===== Extracted records =====

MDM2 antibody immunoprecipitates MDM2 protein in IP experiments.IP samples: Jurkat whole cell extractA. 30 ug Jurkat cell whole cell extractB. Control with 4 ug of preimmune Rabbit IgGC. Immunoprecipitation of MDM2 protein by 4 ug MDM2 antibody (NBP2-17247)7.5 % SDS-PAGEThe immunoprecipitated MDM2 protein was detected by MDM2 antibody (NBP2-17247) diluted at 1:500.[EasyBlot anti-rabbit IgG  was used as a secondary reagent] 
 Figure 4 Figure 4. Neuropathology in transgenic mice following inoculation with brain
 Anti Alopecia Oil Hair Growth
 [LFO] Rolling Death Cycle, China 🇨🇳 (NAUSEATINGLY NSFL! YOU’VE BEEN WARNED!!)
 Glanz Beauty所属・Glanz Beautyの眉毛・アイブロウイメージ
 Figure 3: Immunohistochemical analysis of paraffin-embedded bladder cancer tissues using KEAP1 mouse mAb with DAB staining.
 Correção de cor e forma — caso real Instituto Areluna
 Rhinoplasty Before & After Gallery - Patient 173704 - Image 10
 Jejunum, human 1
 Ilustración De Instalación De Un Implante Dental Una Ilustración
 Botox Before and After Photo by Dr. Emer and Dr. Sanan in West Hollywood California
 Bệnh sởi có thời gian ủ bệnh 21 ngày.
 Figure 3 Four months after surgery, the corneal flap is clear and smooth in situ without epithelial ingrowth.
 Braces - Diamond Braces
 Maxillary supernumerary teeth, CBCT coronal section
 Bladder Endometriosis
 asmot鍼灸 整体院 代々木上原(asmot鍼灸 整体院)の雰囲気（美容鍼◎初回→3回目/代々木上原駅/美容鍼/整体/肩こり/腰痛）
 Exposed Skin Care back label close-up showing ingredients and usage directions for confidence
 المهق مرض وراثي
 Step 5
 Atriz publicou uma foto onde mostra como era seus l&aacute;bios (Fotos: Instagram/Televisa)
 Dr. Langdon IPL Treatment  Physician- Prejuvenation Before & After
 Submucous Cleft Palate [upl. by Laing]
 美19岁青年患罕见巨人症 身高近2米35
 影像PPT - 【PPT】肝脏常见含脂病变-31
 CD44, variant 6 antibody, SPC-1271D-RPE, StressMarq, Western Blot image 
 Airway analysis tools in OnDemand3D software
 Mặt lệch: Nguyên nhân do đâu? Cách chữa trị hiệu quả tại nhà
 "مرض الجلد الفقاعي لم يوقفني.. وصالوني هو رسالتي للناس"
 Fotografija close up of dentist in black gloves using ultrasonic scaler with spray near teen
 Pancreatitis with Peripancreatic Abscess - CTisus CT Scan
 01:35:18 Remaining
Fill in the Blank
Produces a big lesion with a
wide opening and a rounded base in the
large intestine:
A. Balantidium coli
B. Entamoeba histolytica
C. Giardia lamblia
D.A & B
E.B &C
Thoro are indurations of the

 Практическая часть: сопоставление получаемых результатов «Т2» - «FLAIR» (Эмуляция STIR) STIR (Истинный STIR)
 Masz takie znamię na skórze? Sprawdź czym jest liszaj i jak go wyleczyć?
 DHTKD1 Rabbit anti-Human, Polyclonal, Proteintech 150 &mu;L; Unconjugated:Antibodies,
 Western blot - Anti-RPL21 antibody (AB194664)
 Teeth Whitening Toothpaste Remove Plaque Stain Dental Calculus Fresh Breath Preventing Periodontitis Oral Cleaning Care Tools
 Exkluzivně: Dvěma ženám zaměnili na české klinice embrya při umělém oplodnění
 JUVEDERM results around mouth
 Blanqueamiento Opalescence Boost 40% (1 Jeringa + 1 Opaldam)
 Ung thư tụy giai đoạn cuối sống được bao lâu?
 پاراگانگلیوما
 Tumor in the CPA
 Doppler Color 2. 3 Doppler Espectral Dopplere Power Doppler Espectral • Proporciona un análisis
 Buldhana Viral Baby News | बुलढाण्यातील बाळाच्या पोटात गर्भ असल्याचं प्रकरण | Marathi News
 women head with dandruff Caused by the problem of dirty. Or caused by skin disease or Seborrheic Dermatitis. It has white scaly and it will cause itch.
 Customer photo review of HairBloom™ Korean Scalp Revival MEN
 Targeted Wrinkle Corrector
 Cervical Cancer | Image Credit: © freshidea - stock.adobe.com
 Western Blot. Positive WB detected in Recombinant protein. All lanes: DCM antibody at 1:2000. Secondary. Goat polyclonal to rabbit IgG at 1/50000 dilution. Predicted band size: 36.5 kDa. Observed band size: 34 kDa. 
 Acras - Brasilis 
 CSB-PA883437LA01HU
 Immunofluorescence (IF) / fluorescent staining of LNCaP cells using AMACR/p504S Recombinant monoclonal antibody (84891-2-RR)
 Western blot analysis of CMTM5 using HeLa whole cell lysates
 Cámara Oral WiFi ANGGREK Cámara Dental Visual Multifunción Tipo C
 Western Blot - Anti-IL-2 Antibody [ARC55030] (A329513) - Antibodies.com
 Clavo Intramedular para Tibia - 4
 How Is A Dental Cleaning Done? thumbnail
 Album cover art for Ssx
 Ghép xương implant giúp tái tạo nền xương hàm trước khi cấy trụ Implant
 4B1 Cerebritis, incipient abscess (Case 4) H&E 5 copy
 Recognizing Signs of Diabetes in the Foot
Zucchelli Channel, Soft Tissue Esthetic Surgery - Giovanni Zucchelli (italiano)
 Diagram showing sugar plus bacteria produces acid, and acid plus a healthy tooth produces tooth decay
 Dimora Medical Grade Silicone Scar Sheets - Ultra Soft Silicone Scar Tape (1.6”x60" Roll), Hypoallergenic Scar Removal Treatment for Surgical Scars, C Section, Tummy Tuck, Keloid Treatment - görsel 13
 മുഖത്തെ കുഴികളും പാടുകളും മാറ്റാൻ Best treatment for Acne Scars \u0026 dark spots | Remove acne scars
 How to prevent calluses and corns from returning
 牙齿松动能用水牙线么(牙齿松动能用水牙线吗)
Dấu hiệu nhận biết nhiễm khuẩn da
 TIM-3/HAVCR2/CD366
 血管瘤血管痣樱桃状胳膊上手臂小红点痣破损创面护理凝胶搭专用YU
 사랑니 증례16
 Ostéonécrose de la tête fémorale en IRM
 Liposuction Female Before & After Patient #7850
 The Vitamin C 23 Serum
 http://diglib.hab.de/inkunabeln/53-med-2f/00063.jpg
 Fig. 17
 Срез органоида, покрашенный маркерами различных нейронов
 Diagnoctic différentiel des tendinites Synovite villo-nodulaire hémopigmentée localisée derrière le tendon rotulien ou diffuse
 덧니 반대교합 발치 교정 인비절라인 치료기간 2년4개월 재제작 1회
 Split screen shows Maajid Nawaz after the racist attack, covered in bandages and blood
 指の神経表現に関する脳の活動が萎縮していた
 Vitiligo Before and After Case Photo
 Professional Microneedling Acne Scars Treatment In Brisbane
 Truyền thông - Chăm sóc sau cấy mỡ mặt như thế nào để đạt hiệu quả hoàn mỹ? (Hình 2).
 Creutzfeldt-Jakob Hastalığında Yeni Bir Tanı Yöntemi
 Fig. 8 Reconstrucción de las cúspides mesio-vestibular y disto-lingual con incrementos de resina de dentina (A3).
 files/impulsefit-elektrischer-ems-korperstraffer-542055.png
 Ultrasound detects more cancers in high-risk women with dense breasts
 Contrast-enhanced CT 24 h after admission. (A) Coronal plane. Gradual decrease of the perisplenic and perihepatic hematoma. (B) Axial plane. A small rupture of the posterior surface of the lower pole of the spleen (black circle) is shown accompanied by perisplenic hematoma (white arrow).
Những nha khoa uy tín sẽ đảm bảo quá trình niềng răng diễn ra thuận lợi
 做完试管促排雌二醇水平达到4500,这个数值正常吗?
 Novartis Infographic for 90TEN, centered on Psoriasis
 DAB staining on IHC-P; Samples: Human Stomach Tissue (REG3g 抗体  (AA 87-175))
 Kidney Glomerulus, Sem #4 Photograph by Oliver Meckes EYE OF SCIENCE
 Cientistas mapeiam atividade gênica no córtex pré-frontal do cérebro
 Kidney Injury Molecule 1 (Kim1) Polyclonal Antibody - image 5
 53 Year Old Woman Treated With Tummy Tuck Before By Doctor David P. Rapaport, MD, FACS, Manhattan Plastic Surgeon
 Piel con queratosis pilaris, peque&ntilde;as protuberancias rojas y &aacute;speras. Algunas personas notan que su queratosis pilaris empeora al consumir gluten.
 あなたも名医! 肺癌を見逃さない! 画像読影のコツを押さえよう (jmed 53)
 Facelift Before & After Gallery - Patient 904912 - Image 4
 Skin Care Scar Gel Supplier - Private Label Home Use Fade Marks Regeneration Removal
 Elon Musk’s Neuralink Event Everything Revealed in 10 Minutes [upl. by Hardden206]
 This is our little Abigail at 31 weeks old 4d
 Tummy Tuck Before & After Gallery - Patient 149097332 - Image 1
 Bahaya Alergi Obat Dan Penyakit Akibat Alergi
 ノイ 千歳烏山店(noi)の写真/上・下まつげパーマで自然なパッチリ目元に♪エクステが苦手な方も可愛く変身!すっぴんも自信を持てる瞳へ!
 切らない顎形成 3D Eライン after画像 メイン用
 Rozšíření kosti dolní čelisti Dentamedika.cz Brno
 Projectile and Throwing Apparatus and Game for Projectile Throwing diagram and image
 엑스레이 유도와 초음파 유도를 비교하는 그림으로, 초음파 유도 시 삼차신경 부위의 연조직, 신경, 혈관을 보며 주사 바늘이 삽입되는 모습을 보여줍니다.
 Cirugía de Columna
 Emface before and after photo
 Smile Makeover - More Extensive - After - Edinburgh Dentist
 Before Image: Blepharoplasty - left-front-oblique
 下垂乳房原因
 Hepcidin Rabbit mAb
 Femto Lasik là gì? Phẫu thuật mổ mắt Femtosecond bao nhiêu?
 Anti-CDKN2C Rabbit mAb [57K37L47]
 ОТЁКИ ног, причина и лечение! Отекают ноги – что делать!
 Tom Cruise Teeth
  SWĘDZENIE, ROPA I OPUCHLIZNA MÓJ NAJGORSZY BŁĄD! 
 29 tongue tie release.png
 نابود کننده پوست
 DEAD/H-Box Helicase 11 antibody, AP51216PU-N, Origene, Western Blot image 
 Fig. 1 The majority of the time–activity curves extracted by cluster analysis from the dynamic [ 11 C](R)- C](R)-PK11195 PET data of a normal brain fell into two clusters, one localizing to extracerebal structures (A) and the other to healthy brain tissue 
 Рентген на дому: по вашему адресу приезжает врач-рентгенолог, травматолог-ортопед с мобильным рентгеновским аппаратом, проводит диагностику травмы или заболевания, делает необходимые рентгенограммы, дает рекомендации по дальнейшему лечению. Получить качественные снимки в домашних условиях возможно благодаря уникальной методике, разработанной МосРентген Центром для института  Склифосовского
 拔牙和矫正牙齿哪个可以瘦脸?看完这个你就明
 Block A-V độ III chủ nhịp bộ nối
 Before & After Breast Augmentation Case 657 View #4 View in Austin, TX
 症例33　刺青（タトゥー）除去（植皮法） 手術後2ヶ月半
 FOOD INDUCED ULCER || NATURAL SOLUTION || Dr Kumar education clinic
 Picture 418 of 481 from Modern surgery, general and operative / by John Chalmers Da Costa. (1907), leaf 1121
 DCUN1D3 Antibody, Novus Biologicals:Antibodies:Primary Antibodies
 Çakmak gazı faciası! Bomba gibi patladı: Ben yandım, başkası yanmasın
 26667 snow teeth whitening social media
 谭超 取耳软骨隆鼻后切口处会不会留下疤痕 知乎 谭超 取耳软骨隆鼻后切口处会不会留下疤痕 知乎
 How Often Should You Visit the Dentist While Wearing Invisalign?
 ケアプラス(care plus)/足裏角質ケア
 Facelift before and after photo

=====

§ Assignment
Only the lines containing "aacute" are needed; pull them out of the listing.

§ Worked solution
 Atriz publicou uma foto onde mostra como era seus l&aacute;bios (Fotos: Instagram/Televisa)
 Piel con queratosis pilaris, peque&ntilde;as protuberancias rojas y &aacute;speras. Algunas personas notan que su queratosis pilaris empeora al consumir gluten.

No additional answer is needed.